De manos de María, la Mare de Déu del Lledó, los cristianos estamos llamados a ser testigos del misterio de Dios y del misterio del hombre. Descubrir en la escuela de Maria el sentido del misterio es reconocer que el sentido de la vida empieza y termina en Dios, Creador y Redentor del hombre. El ser humano es creatura de Dios, y no hechura de los hombres. Como cristianos estamos llamados a dar testimonio de este misterio que engloba y abarca toda la vida del hombre, desde su nacimiento hasta su muerte natural. El ser humano es un profundo misterio cuya clave sólo se encuentra en Dios. ¡Cómo lo supo entender Santa María! Como ella, los cristianos hemos vivir como testigos de ese misterio proclamando la verdad sobre el hombre a la luz de su destino trascendente. Cuando la Iglesia defiende la verdad sobre el hombre frente a todos los ataques contra la vida y muerte natural, contra los derechos fundamentales de la persona y su dignidad, contra la institución matrimonial y familiar, contra el verdadero sentido de la sexualidad humana, no hace sino proclamar que nadie puede manipular la condición humana tal como ésta ha sido pensada y creada por Dios, tal como ha sido revelada por Cristo.
En estos momentos es preciso que los cristianos demos testimonio de la verdad completa del ser humano sin dejarnos arrastrar por ideologías que, si bien son presentadas como progreso de los derechos humanos, en realidad conducen a su deterioro y aniquilamiento. Son ideologías que, en definitiva, nacen de un olvido de la persona humana porque suplantan a Dios creador, que crea al ser humano a su imagen y semejanza, y los crea como hombre y mujer. Una sociedad que da la espalda a Dios, a su amor y a su ley termina por deshumanizar al hombre; termina por volverse contra el mismo hombre, contra su inviolable dignidad y sus derechos más sagrados. Se explica así la llamada que el Papa Juan Pablo II hizo a la Iglesia en Europa: “Descubre el sentido del misterio: vívelo con humilde gratitud; da testimonio de él con alegría sincera y contagiosa.
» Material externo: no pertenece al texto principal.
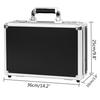 Rxakudedo Attache Case, Aluminum Case with Password Entry, Black, 36cm Long x 10cm Wide x 25cm High (Perfect for Commuting)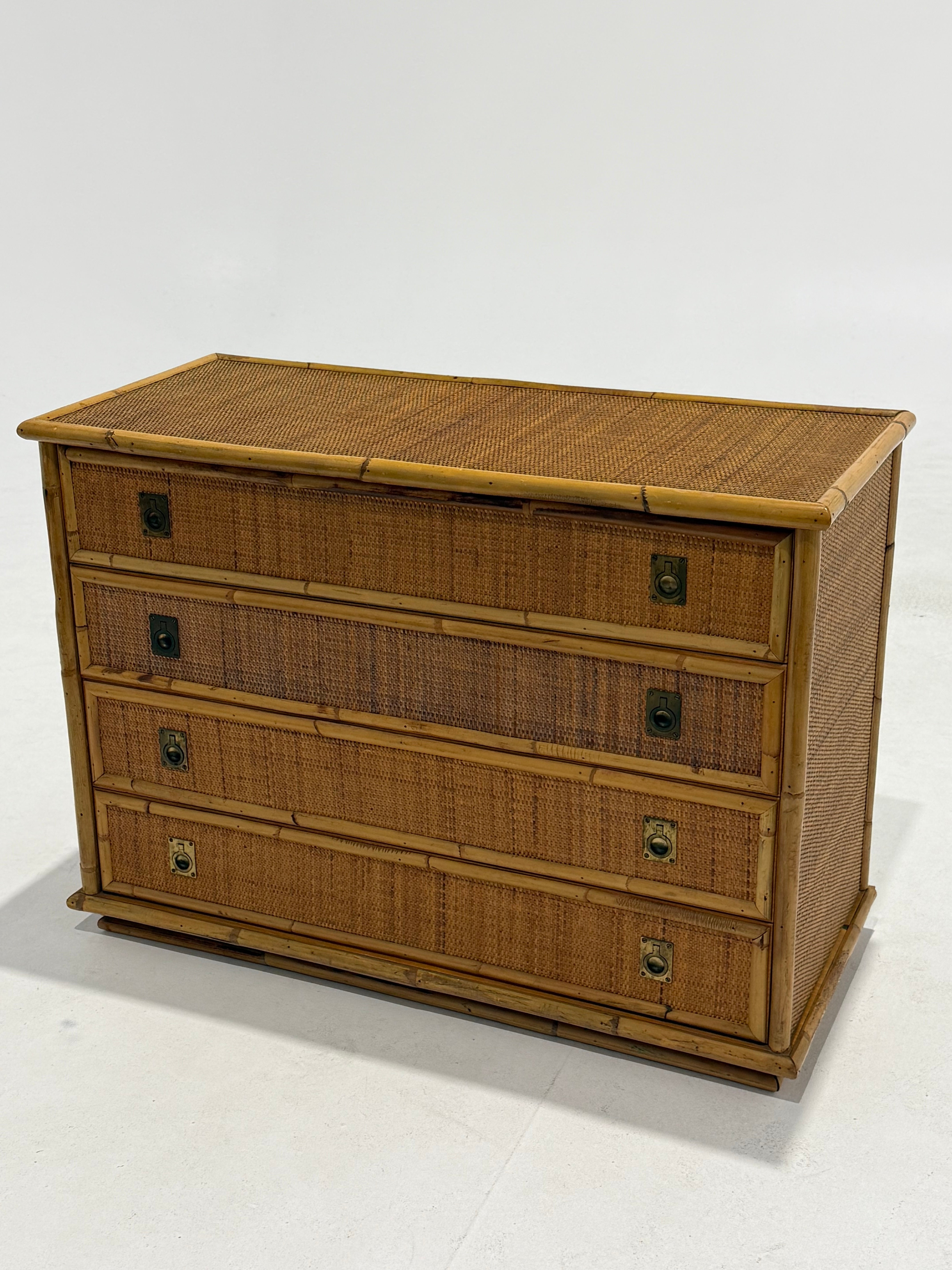 Italian Bamboo Drawers by Dal Vera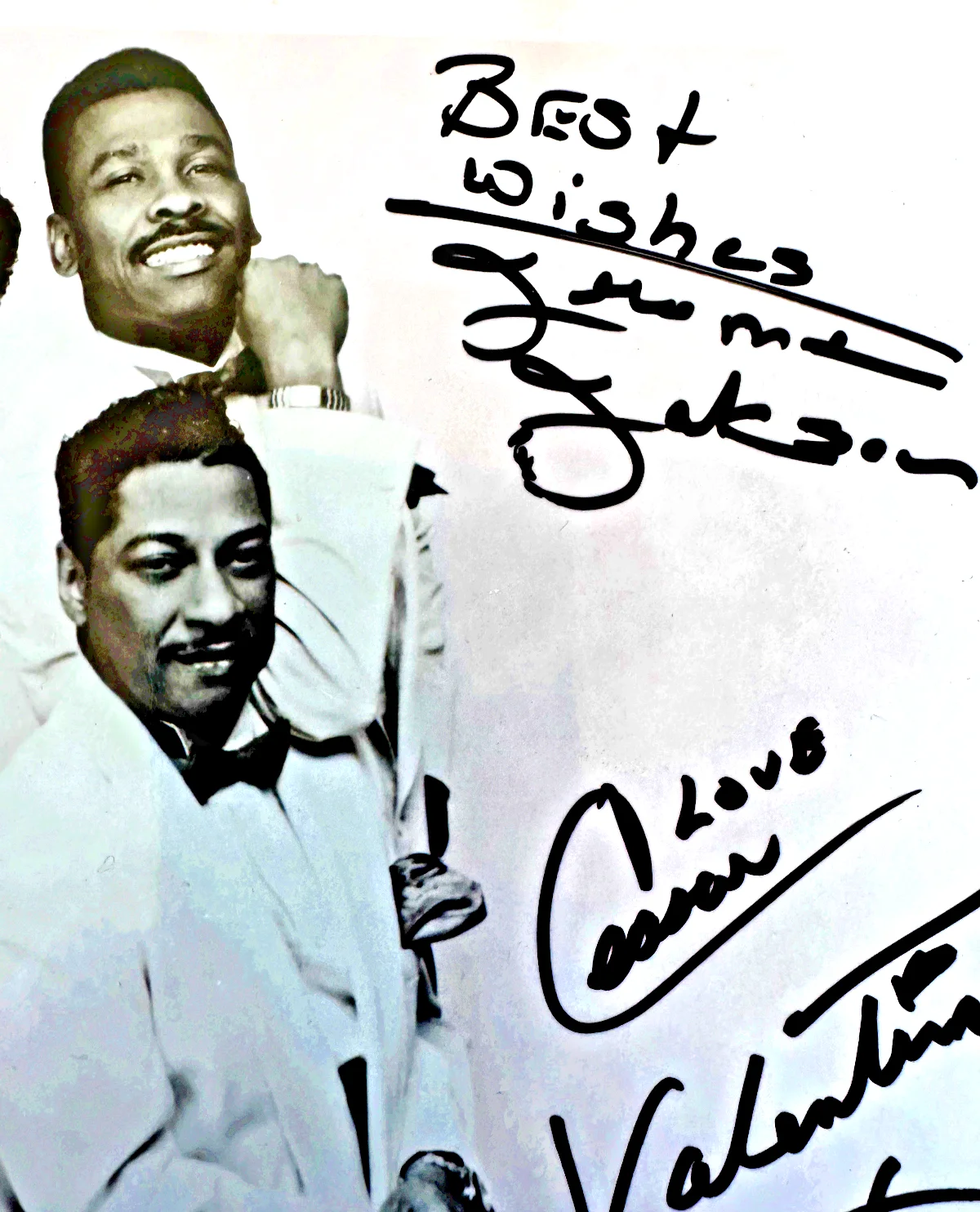 Jerome Jackson, Casson Valentine, Romone, CJ Coy — THE DRIFTERS Signed 8X10 Vintage Photo Jackson Valentine Roamone Coy Autographed, изображение 4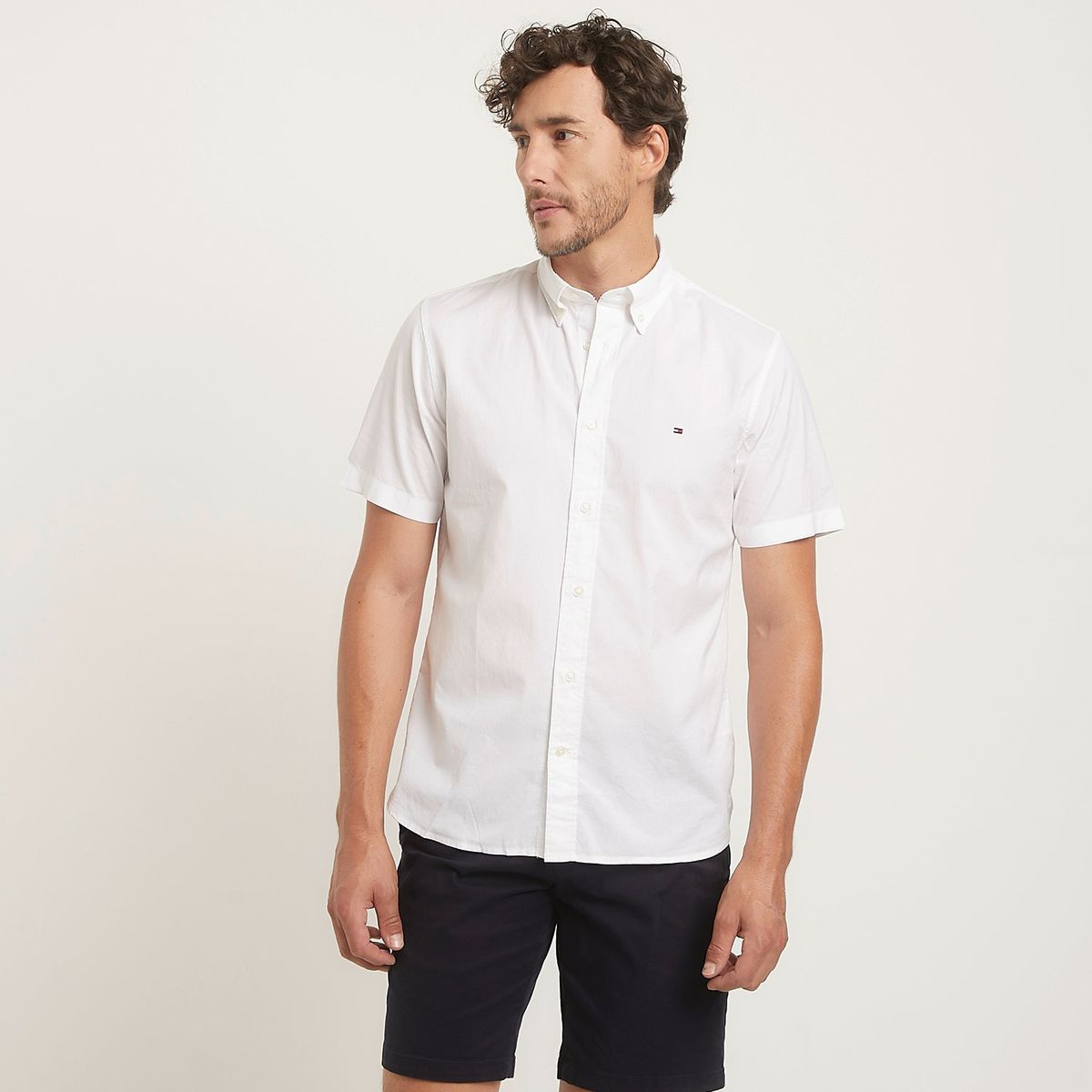TOMMY HILFIGER - Camisa Casual Manga Corta Algodón Hombre Tommy Hilfiger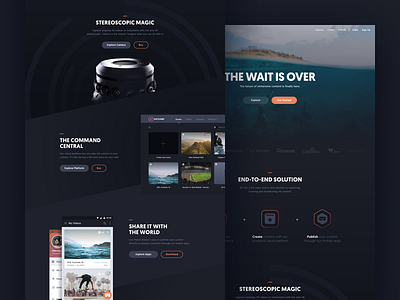 Live Planet Website Design dark homepage interface lander landing page marketing modern ui video vr web design website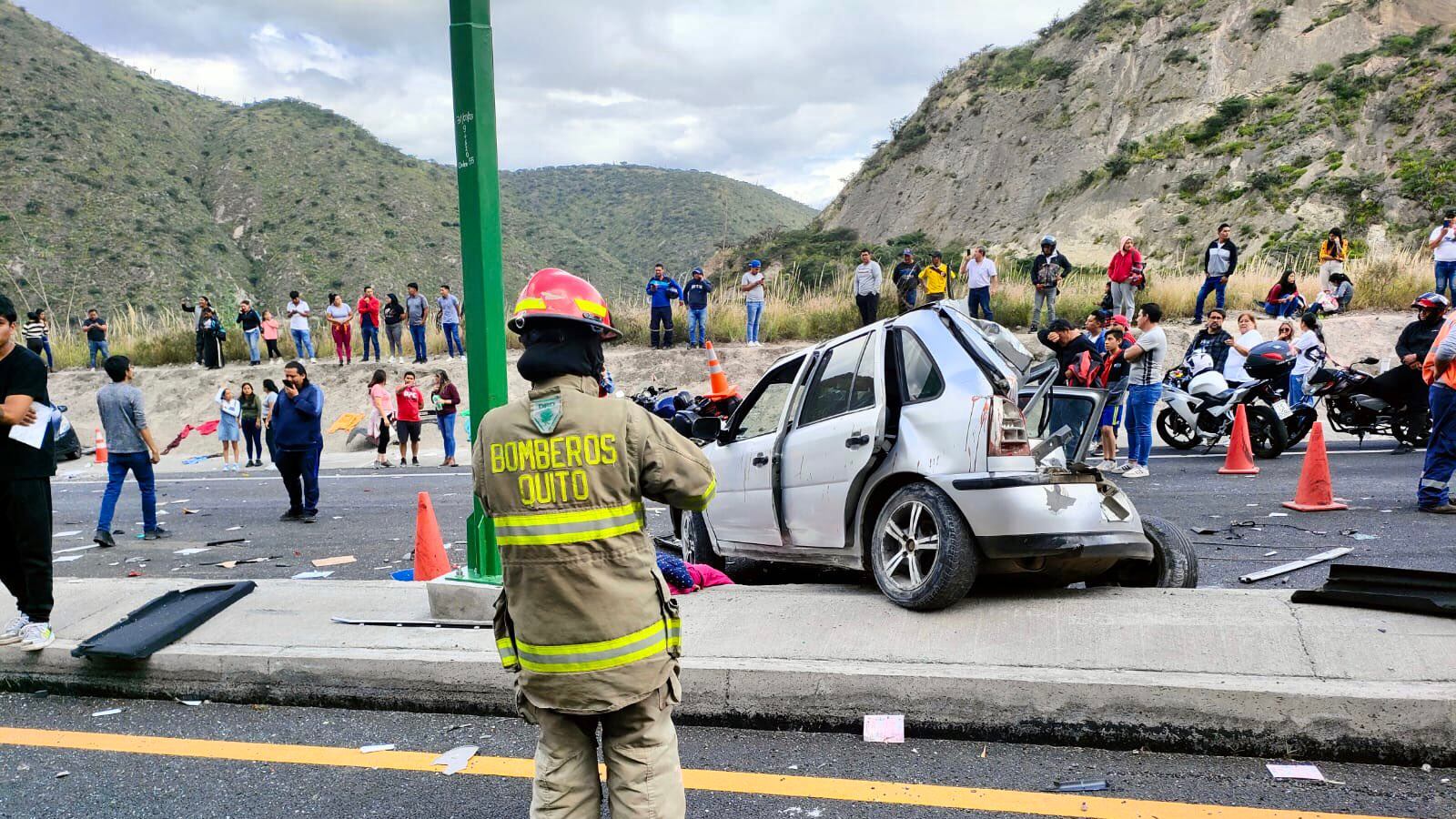Accidente fatal en vía a Guayllabamba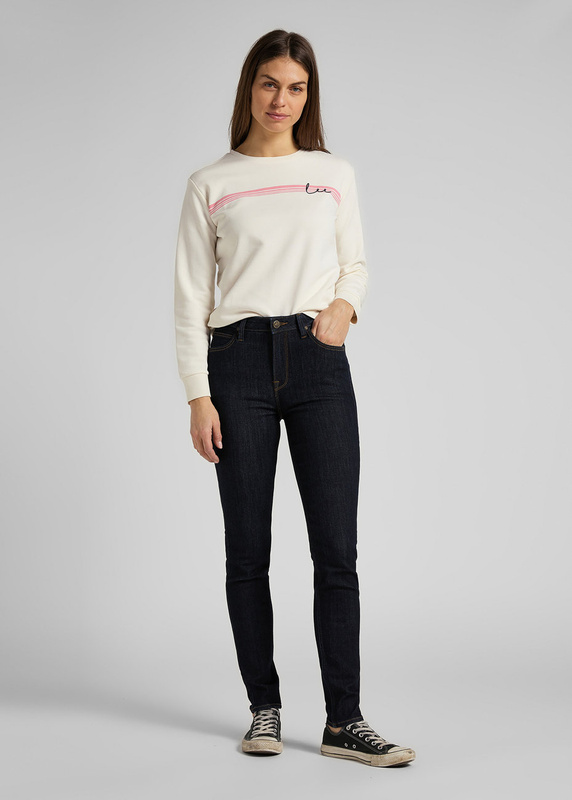 BLUZA DAMSKA LEE SEASONAL LOGO SWS OFF WHITE L53JEIMK 112112356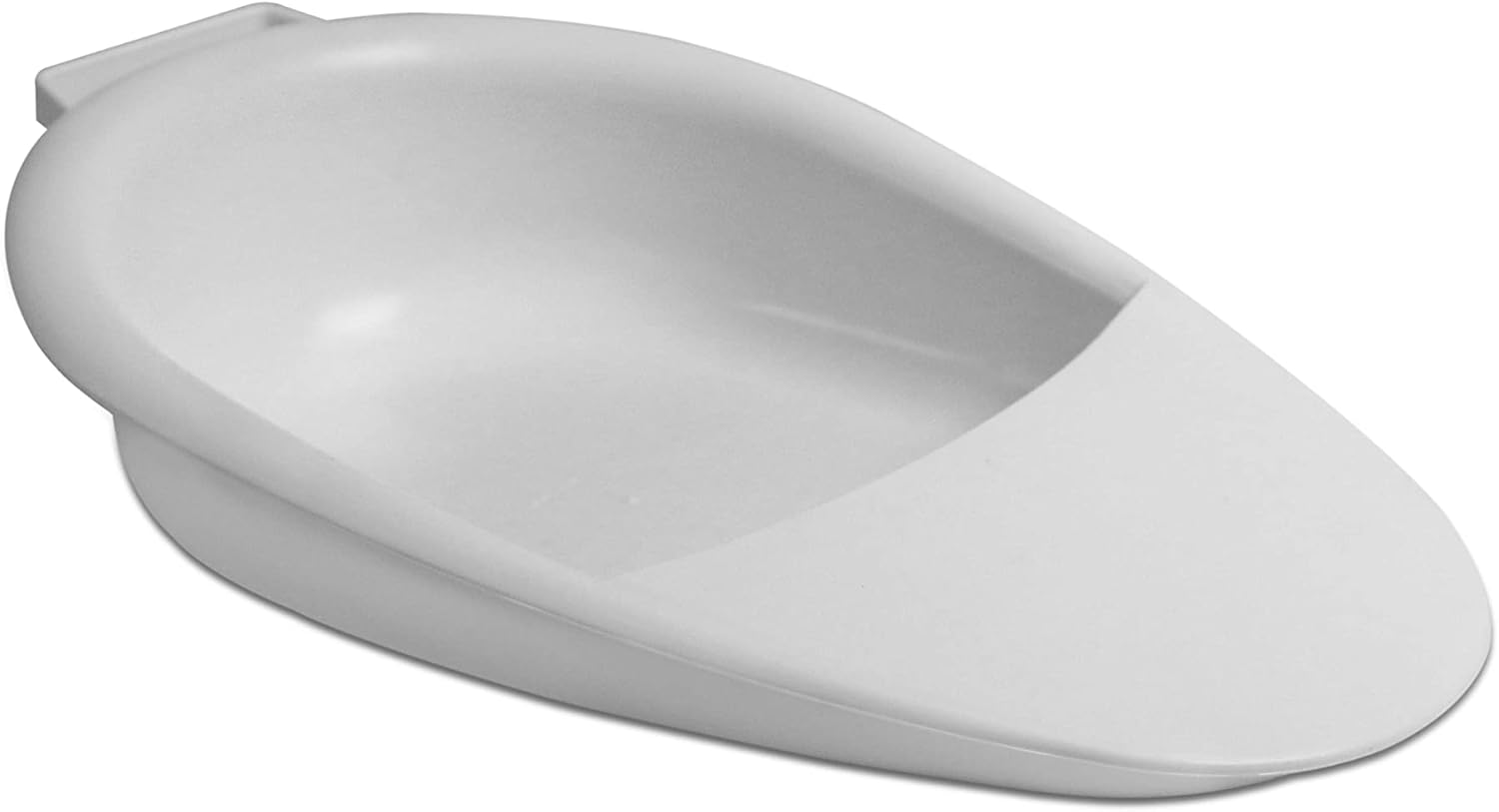PEPE Mobility Store PEPE Mobility Bed Pan for Adults, 2 Liter Basin for Women and Men, Wedge Bed Bowl Flat, Body Bowl with Handle, Slider Toilet for Bedridden People, White
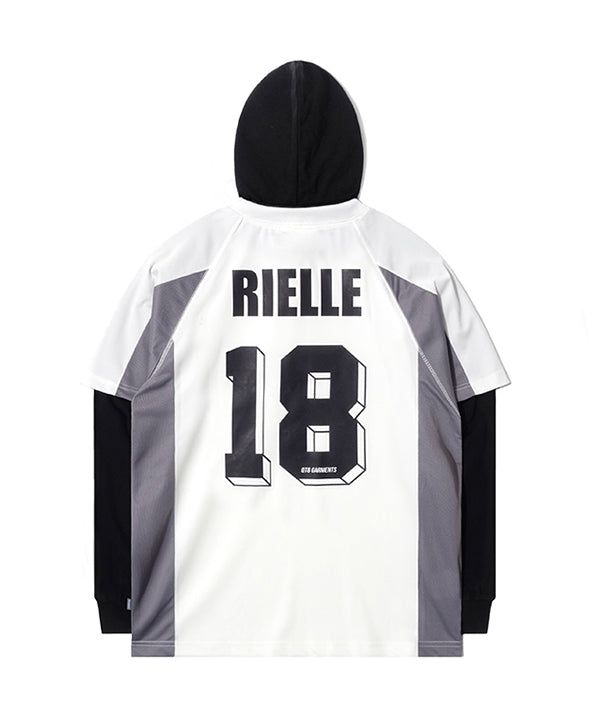 OC 3R Soccer Layered Hoodie Jersey (Ivory)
Celebra la salvación de Cristo: acógela como don que te convierte en sacramento suyo y haz de tu vida un verdadero culto espiritual agradable a Dios” (Ecclesia in Europa, 69).
En este Domingo del Buen Pastor os pido que oréis por mi y por nuestros sacerdotes: somos vuestros pastores en nombre del Buen Pastor. Oremos para que el Señor suscite entre nosotros vocaciones al sacerdocio. Y acudamos a la Mare de Déu del Lledó, para que abra nuestros corazones a Dios, a Cristo y al Evangelio. A Ella nos encomendamos y le rezamos: “Ayúdanos a mantenernos firmes en la fe, constantes en la esperanza y fuertes en el amor. Ayúdanos a ser pacientes y humildes, pero también libres y valientes, como lo fuiste tú. ¡Protégenos y protege nuestra Ciudad! ¡Muéstranos a Jesús, fruto bendito de tu vientre! Amén.